As social media being the grounds for announcements these days, Meek Mill took to Instagram to proclaim that there will be a change to his music; however, he “will remain to let [his] people know in these terrible environments to adapt." Including a rant against the system, the MMG rapper shared his experience with bad cops and wrapped up with a powerful, mind provoking thought: “US BLACK PEOPLE ARE STILL AT WAR WITH OURSELVES AND THE SYSTEM IN REAL LIFE!”
On June 27, up and coming Baltimore rapper Lor Scoota was fatally shot in broad daylight at a traffic light after a successful charity basketball game to encourage the youth against the kind of violence that they hear in hip-hop, as well as in his own music. His stardom was expanding evidently as his murderer manifested his jealousy into murder. Having been on Meek and other rappers like that of The Game and Yo Gotti, other local rappers have transitioned their grief of Scoota’s death with frustration, echoing that “Baltimore has a way of quashing those who reach for more," thus confirming Meek’s observation of war in the black communities.

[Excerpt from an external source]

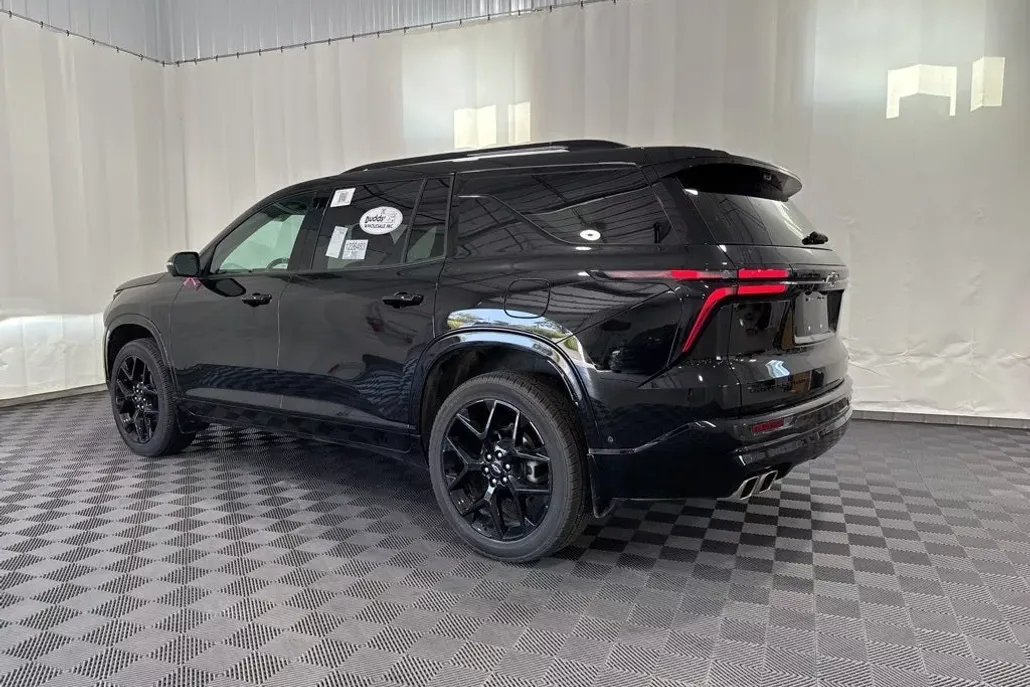 2024 Chevrolet Traverse RS photo 1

This isn’t about the black on black crime rebuttal to the Black Lives Matter movement. This is the confrontation of the result of the system. Systematically, the black man has always been a target of destruction. Redlining and bid rigging by government-funded companies, black families are put in an environment where they have to either depend on muggy government or fend for themselves. Most of the time, fending for themselves is walking straight into the trap. Mill expresses through his “Insta-rant” that “growing up in America as a young black kid in the ghetto is like suicide," and so to change this, it is right to go straight to the source, the people and, more importantly, the youth.

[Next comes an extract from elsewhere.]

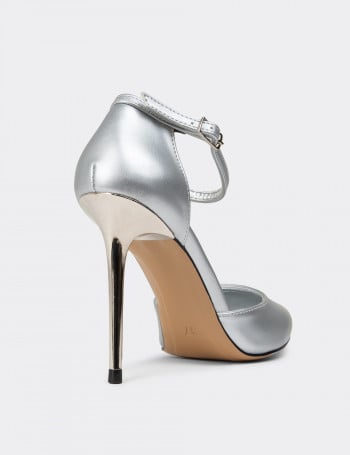Gümüş Rengi Kadın Topuklu Ayakkabı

Despite the connections society makes when it comes to rappers and their music, there is no duality between the two. Scoota rapped about Baltimore and the violence he was attuned to to an extent, but that does not take away from his peace activism. It is misunderstood that rappers speaking their truths and experiences can be masked as them promoting violence; however, Meek's new take on hiphop is a pivotal step to ending such war.